アスベスト問題、耐震偽装問題、手抜き工事、悪質リフォーム、不法改修工事、談合など、建築を取り巻く一連の不祥事がメディアをにぎわしている。

さて、私たち建築関係者はこの問題をどのように考えたら良いのだろうか。「このような悪いことをする人たちはごく一部で、私たちはまじめにやっています。私たちは彼らと関係ありません」と言って済ませてしまっては、いつまでたってもこのようなことはなくならないだろう。現在、耐震偽装問題をきっかけにして日本建築家協会、日本建築士会連合会そして日本建築士事務所協会連合会が再発防止と建築界の信頼回復に向けて活動しており、それぞれの立場で資格制度、責任の明確化、団体加入などについて語っている。いずれも建築を設計し、造るということを職業にしている人々の職能団体だが、なぜ三つもの団体が存在し、それぞれ異なった意見が出るのか、一般社会の人々や私たちのクライアントには到底理解できないことと思われる。それぞれの利害を超えて、国民にわかりやすい統一した解決策をぜひお願いしたい。
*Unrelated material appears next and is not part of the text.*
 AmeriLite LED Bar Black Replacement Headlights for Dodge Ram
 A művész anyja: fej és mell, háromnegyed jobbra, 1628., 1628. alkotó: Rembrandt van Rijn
発注制度、生産システムなど、建築業界は実は私たちだけでは解決できない問題をたくさん抱えている。建築は多業種の集合体によって造られ、また完成した建築はそれらを使う人々のものであることを考えても、発注者、設計者、施工者が一緒に解決策を考える必要がある。建築職能団体という枠にとらわれることなく、広く社会との会話を求めていきたい。

その一方で、私たち自身が努力していかなければならないこともある。今回の一連の事件は、建築を造るプロセスにおいて一般の人々にとってはブラックボックスの部分で起きている。私たちはクライアントの信頼によってより良い仕事をすることができる。信頼は一朝一夕にして得られるものではなく長い時間をかけ積み上げていかなくてはならない。社会の信頼を得るには私たちの仕事のプロセスからブラックボックスをなくし、建築を造るプロセスをクライアントにすべて明らかにすることが必要となろう。

もう一つ大切なのは職業倫理である。これは他人任せにできない。私たちの考える職業倫理を常に社会の倫理と照らし合わせながら、私たち自身が考え行動していかなければならない。私は旧帝国ホテルの設計者である米国の建築家F・L・ライトや北欧の建築家アルヴァ・アアルト、そして生誕100年を迎えた建築家前川國男など、時代を代表する建築家に憧れ、自分の設計した建築を造ることを夢見てこの世界に飛び込んだ。そこにはただ建築に対する純粋な心があったと思う。耐震偽造に関わった設計者や施工者たちも建築やものづくりを志した若き日に、このようなやましいことをすることなど考えていなかったと信じたい。

建築に限らずライブドア問題にも共通するものがあるが、際限のない欲望に飲み込まれていつしか光の届かない暗黒の世界をさまよう餓鬼のようになってしまう可能性は誰にもある。しかし私たち建築関係者は初心に戻って、金に代えられない「ものづくりのこころ」を思い起こしたい。私たちが造り上げた「建築」や「もの」は私たち自身の人生の証であり、それによって社会の信頼を得ることが私たちの最上の喜びであることを。そのように初心に立ち返り、誠実に利害を超えて社会にわかりやすい仕事を積み重ねていくことで、私たちの職能が正しく評価される日がやってくると確信している。